CIO

Gone and Forgotten

Remember the good old days? Back when memory referred to - the info that was stored in your brain and not your mobile phone? Me neither . . .

Etched in my brain for several years now has been the conclusion of an American researcher who believed technology was killing our memory. For the life of me I cannot remember his name. Which, I suppose, partially proves his point.

Yet it has never been a theory to which I have subscribed. Technology might make us lazy or more efficient, (I am thinking of the TV remote control here), but not forgetful.

Not withstanding the onset of old age, I reckon my old grey matter ticks along reasonably well within the boundaries my Maker gave me. Then last week came two discoveries to make me reassess the technology versus memory situation.

Firstly, my wife declared that despite the fact I have had the same mobile phone number for more than five years, she could not remember it if her life depended on it. Which, thankfully, it doesn't.

Then, in a bizarre episode, I was leaving a colleague a voicemail and I could not remember my own four-digit extension number. While I excuse this pathetic effort by saying I spend more of my time trying to remember Qantas departure times (who bothers with flight numbers?) than anything else, my lapsing noggin has given me reason to stop and reassess the theory that technology diminishes the memory.

If you go to a few crackpot Web sites, you'll see a thousand theories on how computers are our enemy, and if we treat them as friends they will destroy us and our brains. If you buy into that nonsense just for fun for a moment, then perhaps the greatest Weapon of Mind Disruption (WMDs) is the mobile phone.

A quick survey around a dinner table of six the other night revealed that every single person could remember their telephone when they were a kid; but no one could recite the extension number of their employer. Everyone hits the quick-dial key, of course; or avoids calling boss.

Most of us walk around with a PIN in our head so we can get cash from the hole-in-the-wall. On reflection, though, I do not so much remember the numbers as the little dance my fingers play on the ATM keypad. And even this basic use of memory may disappear shortly with the emergence of contact-less, smart credit cards. You won't tap in a number but wave a silicon chip at a reader.

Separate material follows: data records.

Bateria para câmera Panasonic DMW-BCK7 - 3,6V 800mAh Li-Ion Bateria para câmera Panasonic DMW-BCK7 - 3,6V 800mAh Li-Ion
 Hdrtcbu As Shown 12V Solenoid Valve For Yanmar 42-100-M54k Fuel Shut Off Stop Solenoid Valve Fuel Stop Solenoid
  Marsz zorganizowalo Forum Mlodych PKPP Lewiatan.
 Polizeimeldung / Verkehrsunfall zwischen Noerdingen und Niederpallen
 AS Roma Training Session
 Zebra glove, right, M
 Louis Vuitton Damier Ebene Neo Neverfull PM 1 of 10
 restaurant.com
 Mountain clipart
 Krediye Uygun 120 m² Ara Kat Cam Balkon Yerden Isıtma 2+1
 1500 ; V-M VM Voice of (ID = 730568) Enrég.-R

These cards are so smart they undoubtedly hold the potential to make us more stupid.

They are increasingly popular in Europe and we'll be seeing much more of them down here in the next couple of years. But then, we have been predicting the dawn of mass smartcard adoption for so long, anyone could be forgiven for forgetting when the hype began.

Meanwhile in Britain, you will soon be excused for not knowing where you were last week, or even last night. Its government plans to store all its CCTV footage. Part of its game plan is to capture video of cars as they enter toll-zones. Up to two years of traffic footage will be stored - offering the potential, among other things, to make a TV show slightly more interesting than Who Wants to be a Millionaire.

And if you were a fervent night-clubber in Barcelona, you might have elected to have had an RFID chip injected into your forearm, just in case you forgot your name and age. (You'll have to imagine the circumstances in which that might happen.)

Our reliance on technology instead of our brain became painfully obvious recently when we decided the Commonwealth Games were more important than keeping our clocks in synchronization with Microsoft Mean Time (MMT). While other countries adjusted their times around their respective winter and summer seasons, we refused to budge for a week.

The result was pretty funny. Some people applied a patch that fixed things; others did not, or could not, and their Outlook calendar software and computer clock ran an hour late. We had a national fiasco of people arriving late or early for meetings. And what does that tell us - we rely on our computers to tell us where to go, not our brains.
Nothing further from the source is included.